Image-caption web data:

+---+

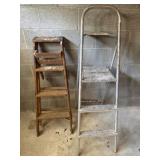 2 step ladders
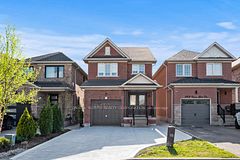 231 Venice Gate Drive, Vaughan, ON L4H 0G1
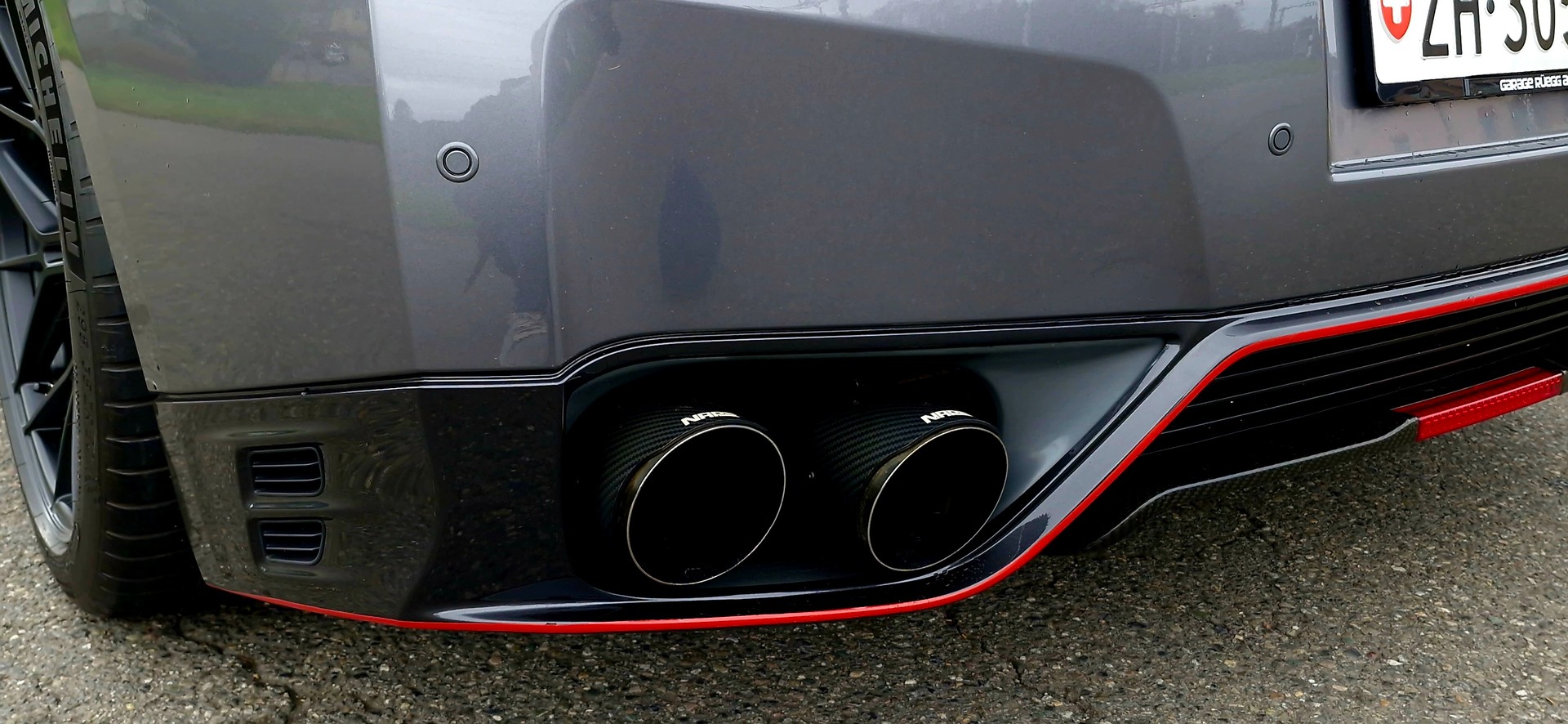 NISSAN GT-R 3.8 V6 Biturbo Black Edition-image-4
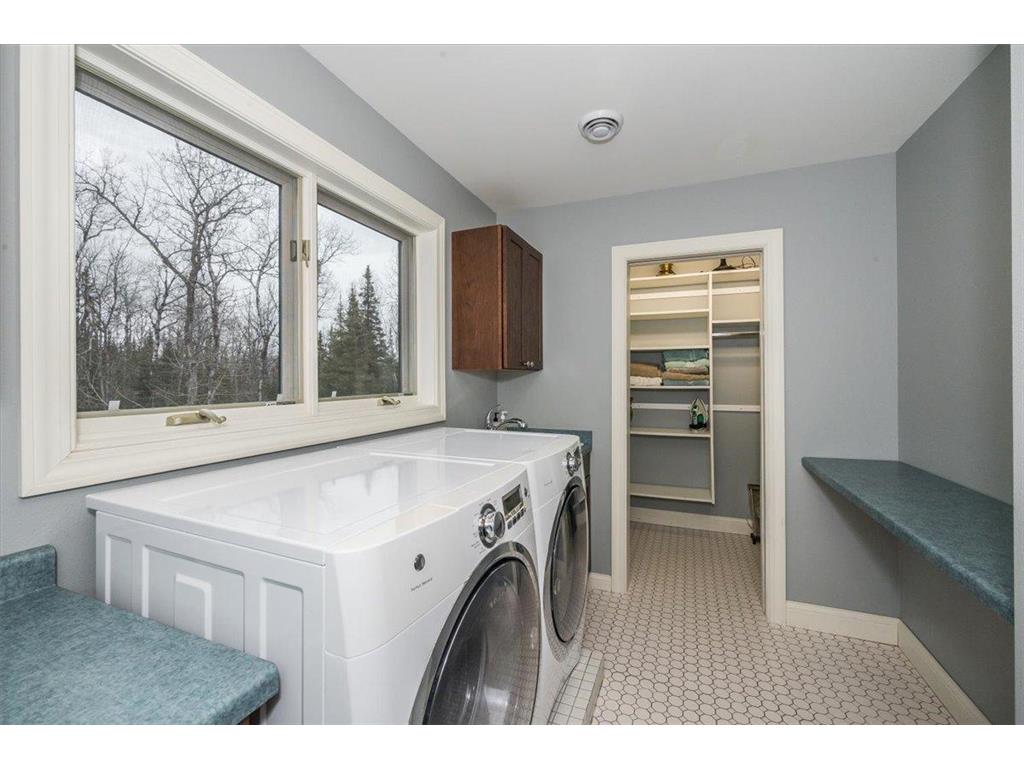 1753 Old North Shore Road Duluth Twp MN 55804 6817882 image38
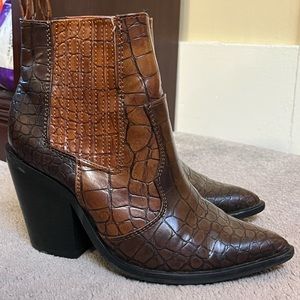Snake skin western pointed toe booties
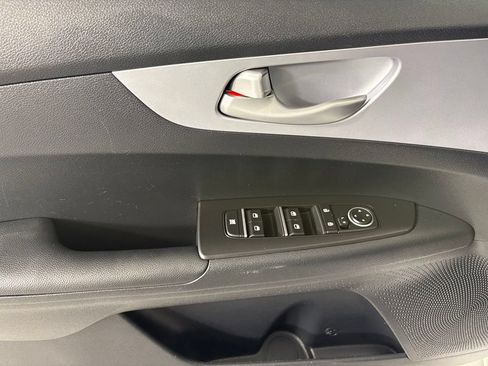Used 2024 Kia Forte LXS FWD image 19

+---+

_Exercise description_. What the reply must contain is an exact transcription of the data above and none of its pictures.

_Answer below_.
 2 step ladders
 231 Venice Gate Drive, Vaughan, ON L4H 0G1
 NISSAN GT-R 3.8 V6 Biturbo Black Edition-image-4
 1753 Old North Shore Road Duluth Twp MN 55804 6817882 image38
Snake skin western pointed toe booties
Used 2024 Kia Forte LXS FWD image 19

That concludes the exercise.